Debates between major candidates should be a boon to the democratic process. With television and online coverage, vigorous follow-up conversations among citizens, and reactions on blogs both outrageous and sensible, the marketplace of ideas should be well-served and invigorated.
But that rarely turns out to be the case, and ABC News' Charles Gibson and George Stephanopoulos demonstrated again last week why voters are consistently denied the potential benefits of such face-to-face occasions. And if the proposed CBS show in North Carolina comes off April 27, we'll get to see the embattled Katie Couric try to show her chops and salvage her career.
That's precisely the problem. The "debates" are really about the networks and personalities who host them. As one experienced political watcher revealingly said of the alleged need of another debate, "CBS does need that break and Katie needs that break."
Well, give us a break. We need something much better, and so do the candidates. Harassing them further with irrelevances simply to perk up a failed star's ratings is an abuse of both journalism and democracy.

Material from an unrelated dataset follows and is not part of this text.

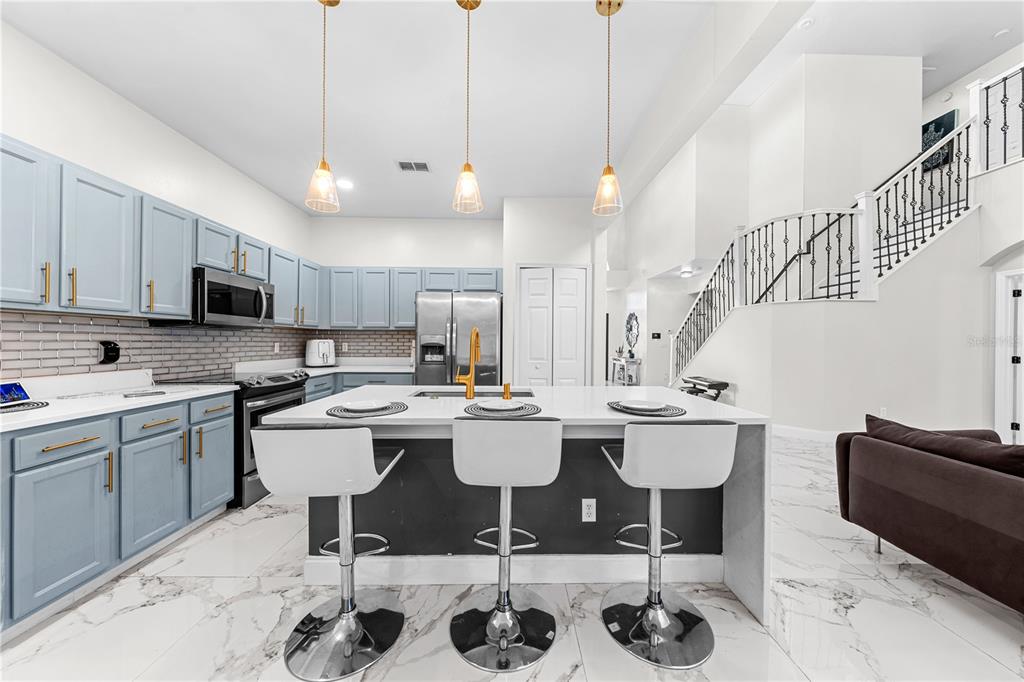 4301 Presidio Way Kissimmee, FL 34746 - Photo 12 of 50 a kitchen with a sink and stove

Gibson and Stephanopoulos are quite competent at their regular jobs, a nightly news broadcast and Sunday talk show. But last week's prime-time broadcast was primarily about punching their tickets for this campaign season.
The most revealing evidence was their beating anew of a couple of dead-horse stories: Barack Obama's off-the-wall pastor and Hillary Clinton's fairy tale about Bosnian snipers.

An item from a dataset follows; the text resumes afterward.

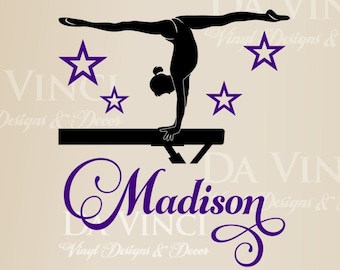 May include: A purple and black vinyl wall decal featuring a gymnast performing a handstand on a balance beam. The decal includes the name "Madison" in a decorative script font and four white stars.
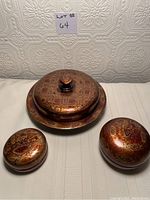Three pieces of Japanese lacquerware with tortoise design: a lidded divided tray and two round lidded containers, all showing wear.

Each candidate has responded to those deep embarrassments dozens of times. While their explanations -- Clinton stupidly made it up, Obama reacted ineptly -- are wholly insufficient, that's all they can or will say on those subjects. The hosts' doggedness was calculated only to invent a "gotcha" even this late in the game.
And then there were the now-obligatory "concerned-citizen questions," which are neither spontaneous nor revealing, including the one about why Obama does not wear a flag pin.

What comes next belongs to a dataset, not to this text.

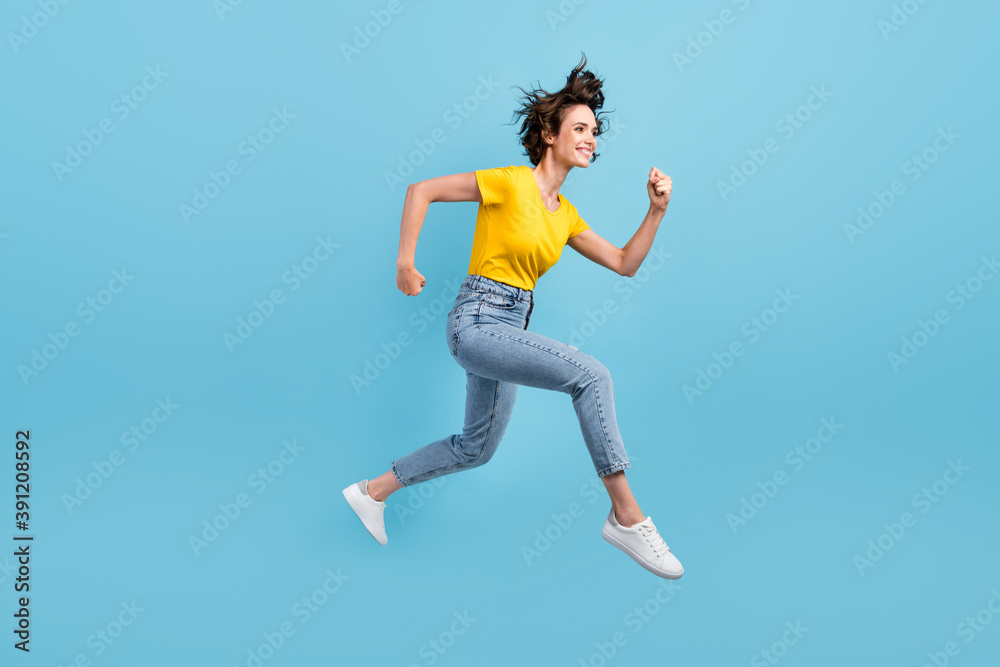 Full length profile photo of young lady jump run wear yellow t-shirt jeans sneakers isolated blue color background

The two-hour show -- the actual "debate" being much shorter than that, because of numerous commercials -- was merely a dodgeball game for the candidates (face it, network execs and anchors, these candidates are smarter than you) and a testosterone evaluation for the hosts. Left out were the informational needs of voters, who became merely props for the networks.
If we must have debates for the general election, we need a series of actual conversations on specific issues -- such as the economy one time, foreign affairs the next -- with experts in those fields asking the questions and challenging the responses.
We could start with one devoted to the silly nonissues, just to get those out of the way so voters can, in the others, hear in depth what each candidate intends to do once in office.
We might even allow journalists to moderate the "gotcha" event, since they are so enamored of the genre, then turn the rest over to knowledgeable academics and professionals. This might necessarily involve pairs of questioners, as few true experts lack a point of view of their own. But better that potential cumbersomeness than the existing showbiz foolishness.